Conditions gagnantes

Il est primordial «d'être en mesure de prouver la date de la constitution de la fiducie et que toutes les formalités nécessaires à sa constitution ont été respectées», lit-on dans le livre de Caroline Rhéaume.

On y indique que les fiduciaires doivent administrer le patrimoine fiduciaire comme un patrimoine autonome et distinct. «Il ne faut pas que la fiducie soit un simulacre.» La fiducie doit avoir son propre compte de banque, ses propres états financiers et sa propre déclaration de revenus puisque ces éléments «donnent de la substance à la fiducie», selon l'auteure de l'ouvrage. Un des fiduciaires doit être indépendant, c'est-à-dire qu'il ne doit être ni bénéficiaire ni constituant, car cela donne aussi de la substance à la fiducie.

Une fois la fiducie créée dans les règles de l'art, que peut-on y transférer ? «Les biens comme la maison, le chalet, l'auto, le bateau et les placements non enregistrés, dit Hélène Marquis. On ne met pas les comptes enregistrés comme le REER ou le CELI parce que ce sont eux-mêmes des fiducies et une fiducie ne peut pas détenir une autre fiducie.»

L'impact fiscal du transfert des biens dépend du type de fiducie qu'on crée. Par exemple, si un client crée une fiducie en faveur de lui-même et que celle-ci respecte plusieurs critères précis, il ne subira pas d'impact fiscal immédiat, selon l'auteure Caroline Rhéaume. Il ne subira pas d'impact fiscal non plus s'il transfère ses biens dans une fiducie au profit du conjoint, mais il perdra une large part du contrôle de ses biens.
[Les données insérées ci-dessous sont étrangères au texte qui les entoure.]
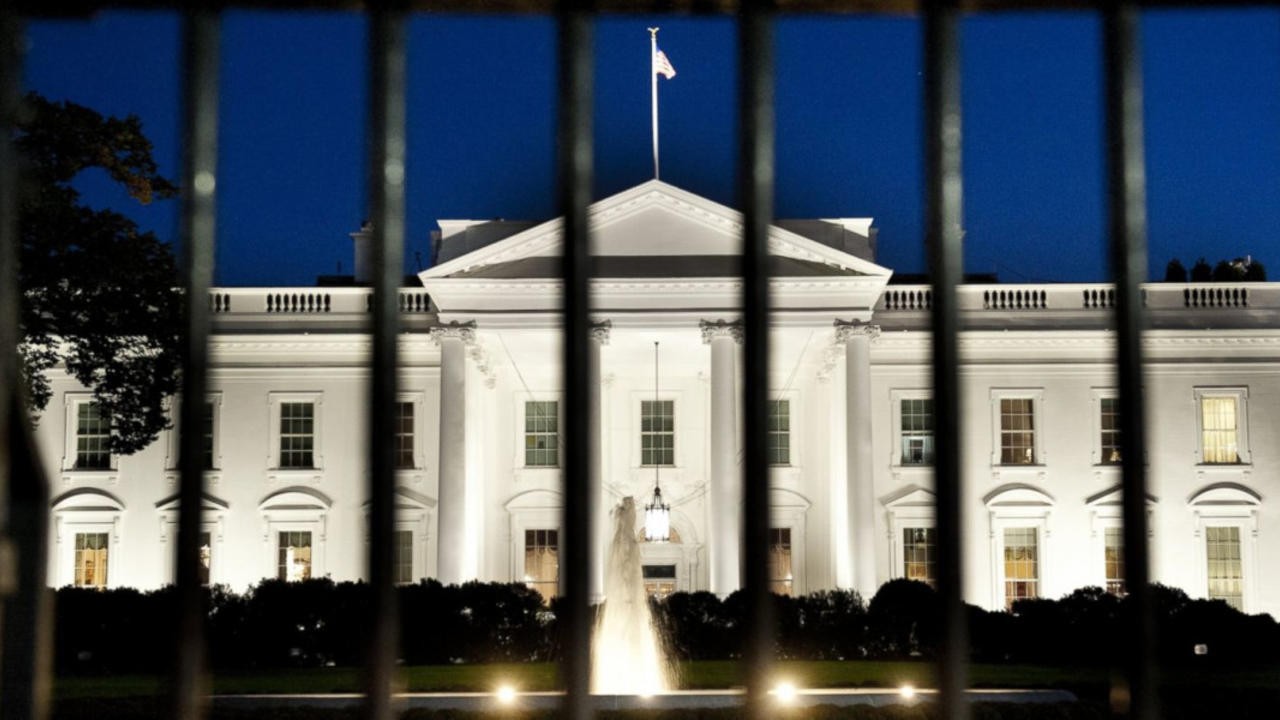 All Governments Lie: Truth, Deception, and the Spirit of I.F. Stone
Si le client opte pour une fiducie entre vifs discrétionnaire avec plusieurs bénéficiaires, son transfert de bien en faveur de sa fiducie sera considéré comme une disposition fiscale, sujette à l'impôt lié à la réalisation d'un gain en capital, par exemple.

Hélène Marquis souligne qu'«il n'y a aucun avantage fiscal» à créer une fiducie de protection d'actifs. Les revenus de la fiducie en faveur de soi-même sont taxés personnellement dans les mains du bénéficiaire alors que, dans la fiducie entre vifs, les revenus laissés dans la fiducie sont taxés au taux d'imposition maximum «dès le premier cent de revenu», précise-t-elle. C'est pourquoi on privilégie souvent d'inclure dans la fiducie des actifs susceptibles de générer un gain en capital plutôt qu'un revenu d'intérêt ou un dividende.

Quand les tribunaux percent la fiducie

Même si tout va bien dans la vie du client au moment de la constitution de la fiducie, il est possible qu'une faute commise avant la création de la fiducie vienne affaiblir la protection souhaitée par celle-ci.